Repórter de agro e macroeconomia
Publicado em 6 de setembro de 2025 às 14h08.
Última atualização em 6 de setembro de 2025 às 14h14.
Plantar alface ao ar livre no Brasil pode se tornar cada vez mais difícil nas próximas décadas. Até o final do século, quase todo o território brasileiro enfrentará alto risco climático para a produção da hortaliça mais consumida no país.
Esse é o resultado de uma pesquisa divulgada pela Embrapa Hortaliças, que utilizou dados do Instituto Nacional de Pesquisas Espaciais (Inpe) e do Painel Intergovernamental sobre Mudanças Climáticas (IPCC).
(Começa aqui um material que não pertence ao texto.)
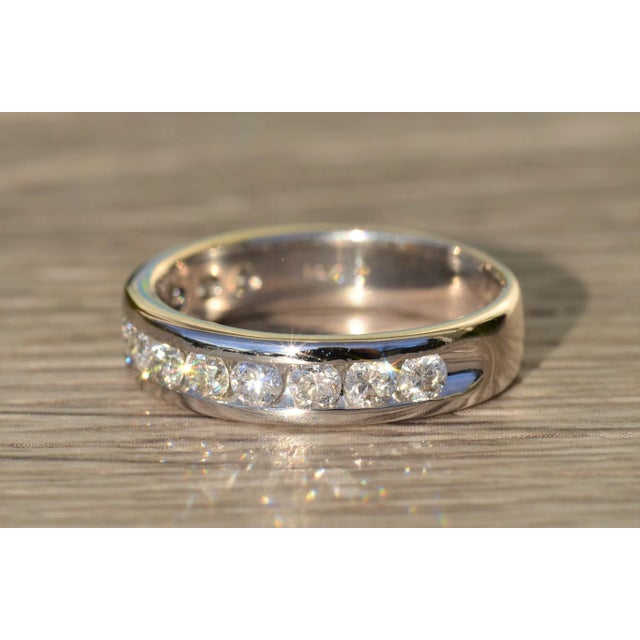 The Myles Gentleman's 14K Channel Set Diamond Wedding Band. This men's band features 1.20 carats of diamonds in total...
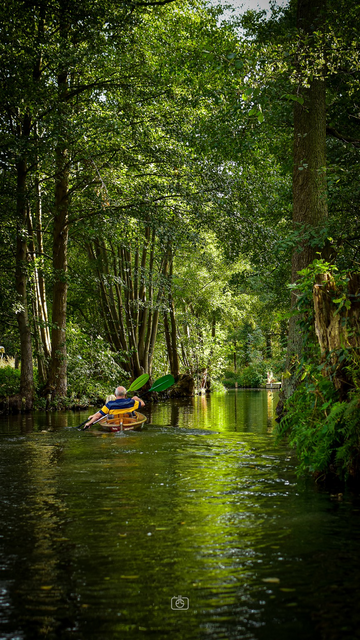 Two people paddling a kayak through the canals of the Spreewald, near Lübbenau, 2 Oct 2023. Nikon D5600, Nikkor DX 35 mm ƒ1.8G, ISO 320, ƒ3.5, 1/250s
Atualmente, o Brasil produz cerca de 680 mil toneladas de alface por ano, com São Paulo sendo o principal estado produtor, de acordo com o Instituto Brasileiro de Geografia e Estatística (IBGE). O valor da produção é estimado em R$ 1,2 milhão.
As regiões Sudeste e Sul concentram cerca de 93% da produção comercial de alface no país, sendo essas áreas responsáveis por cerca de 60% da população, especialmente nas grandes cidades.
As regiões Nordeste, Centro-Oeste e Norte também apresentam produções significativas, variando entre 70 mil e 15 mil toneladas por ano, segundo o último Censo do IBGE.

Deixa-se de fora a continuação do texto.